Le président de l'institution rencontre Joseph Aoun et Nabih Berry. 


Le Fonds arabe pour le développement économique promet une reprise des aides au Liban

Le président du Fonds arabe pour le développement économique et social, Badr Mohammad al-Saad reçu par le président libanais Joseph Aoun à Baabda, le 7 mai 2025. Photo X/Présidence libanaise

Le président du Fonds arabe pour le développement économique et social (FADES), cheikh Badr Mohammad Al-Saad, en visite officielle au Liban, a exposé les objectifs de l’institution lors d’une série de réunions clés, mercredi, soulignant dans un entretien avec l’Agence nationale d’information (ANI, officielle) son « engagement renouvelé à aider le Liban à surmonter ses défis persistants ».

Au palais de Baabda, où il a été reçu par le président de la République, Joseph Aoun, le responsable arabe a souligné la disponibilité du Fonds à assurer un soutien. « Nous serons la première institution arabe à fournir prochainement au Liban des aides et des prêts, afin de contribuer à ses efforts de relance », a-t-il déclaré, selon un communiqué publié par la présidence sur le réseau social X.

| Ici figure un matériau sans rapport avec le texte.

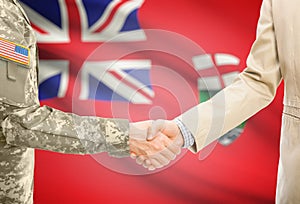 USA military man in uniform and civil man in suit shaking hands with certain Canadian province flag on background - Manitoba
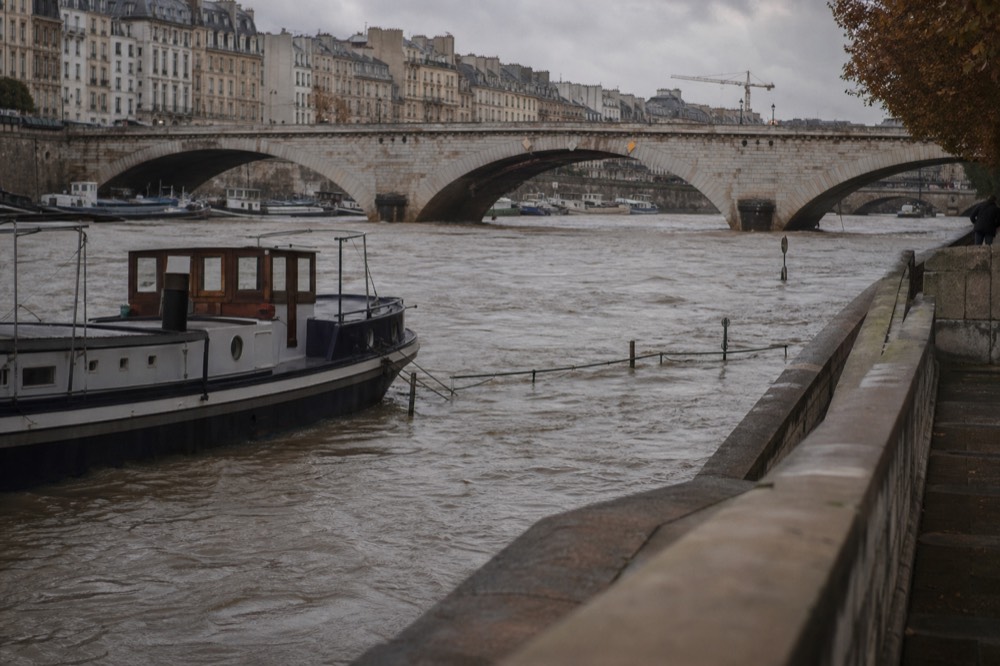 The Seine at high water flowing under a Paris bridge, no text, no logos, no people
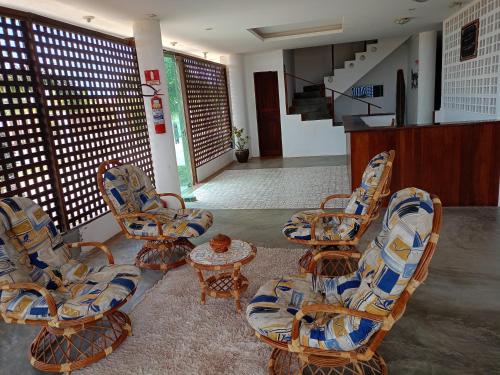 a group of chairs and a table in a room at Paradise Beach in Fortim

La visite de Badr Al-Saad s’inscrit dans une dynamique de réengagement du Fonds au Liban, avec deux priorités : d’une part, réactiver des projets de développement en suspens depuis plusieurs années, d'autre part injecter de nouveaux financements dans des secteurs essentiels fragilisés par la crise multidimensionnelle que traverse le pays. Parmi les domaines ciblés figurent l’eau, l’électricité, la santé, l’éducation, ainsi que les infrastructures routières. Il a insisté sur l’importance d’aborder les détails techniques de ces projets avec les ministres concernés, le Conseil du développement et de la reconstruction (CDR), ainsi qu’avec de hauts responsables libanais, dont le président du Parlement, le Premier ministre et le gouverneur de la Banque centrale, selon l’ANI.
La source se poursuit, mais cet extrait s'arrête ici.